To calculate a breakeven milk price, the consultants have assumed milk sales at 35p/l, which is close to the five-year average recorded in NI.
In the 2024 model, this milk price was set at 37p/l. Across both years, total milk sales are very similar, at just over £280,000.
Total income is up by over £20,000 in 2026, due to a trebling in the price of calves over the period and a £420 increase in the value of cull cows. Including a direct farm payment of £15,070 (which is down 8% as more of this money has been taken out to fund beef schemes), it leaves total income at £338,900.
However, total cash costs are up by nearly £25,000 over the last two years.
With a favourable milk to feed price ratio through 2025, there is more meal being fed, with the feed rate up from 0.36kg/l to 0.38kg/l. Vet and AI costs are up by 0.2p/l, while farm repairs, maintenance and machinery costs are up 15%. The contractor bill has increased 5%, while conacre is up 10% and insurance costs have increased 28%.
Allowance
The Carrick / Farmgate Consultancy analysis is different to other benchmarking reports, as it also makes an allowance for loan repayments, tax and personal drawings in a final break-even figure.
With higher costs of living, drawings are up 7% to a reasonably modest £38,022, while the 2026 tax bill is estimated at £11,400. Loan repayments are at £27,768, with higher purchase up £300 per month to £24,000.
Taking everything into account, it leaves the farm with a net cashflow of -£13,542 or -£120 per cow. This deficit will rise if the rolling average milk price falls below 35p/l.
Overall, the breakeven milk price stands at 36.68p/l, which is virtually unchanged from the 2024 model.
Impact
Commenting on the latest data, Ian Carrick told the Irish Farmers Journal that while the break-even milk price is little changed, the reduction in farmgate prices seen since mid-2025 have had a massive impact on cashflow on dairy farms.
That situation would be much worse if it wasn’t for the very significant increase seen in the value of cull cows and drop calves over the period.
“This is fine provided the herd is not under TB restriction. The imposition of movement restrictions will add over 5p/l to break-even price for a dairy farm that normally sells its calves. The pressure on cashflow and strain on farm resources is severe for those affected by TB, especially given the lack of available labour,” he said.
Re-examine
Over the last year, Carrick said dairy farmers were right to feed more concentrate on the back of high milk prices, but systems should now be re-examined to assess if the margins being achieved still merit the same level of feed input.
Costs
He also pointed to the big increases in wages, machinery running costs, insurance and finance seen since the last review in 2024.
“Our politicians regularly highlight the cost-of-living crisis – perhaps we should highlight the cost-of-farming crisis as overhead costs continue to rise,” he added.

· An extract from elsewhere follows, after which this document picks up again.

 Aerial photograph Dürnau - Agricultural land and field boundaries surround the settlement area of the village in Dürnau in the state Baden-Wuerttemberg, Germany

Given returns at present, he said reinvestment will have to be stalled on many farms and if current milk prices persist, it is likely to impact input suppliers. Longer term, he said the figures clearly show that any changes to legislation which effectively force dairy farms to cut output, has the potential to leave many businesses unviable.
“Recent commodity auctions have shown a partial recovery in the milk markets – hopefully this will filter through into farmgate prices in the coming months,” he said.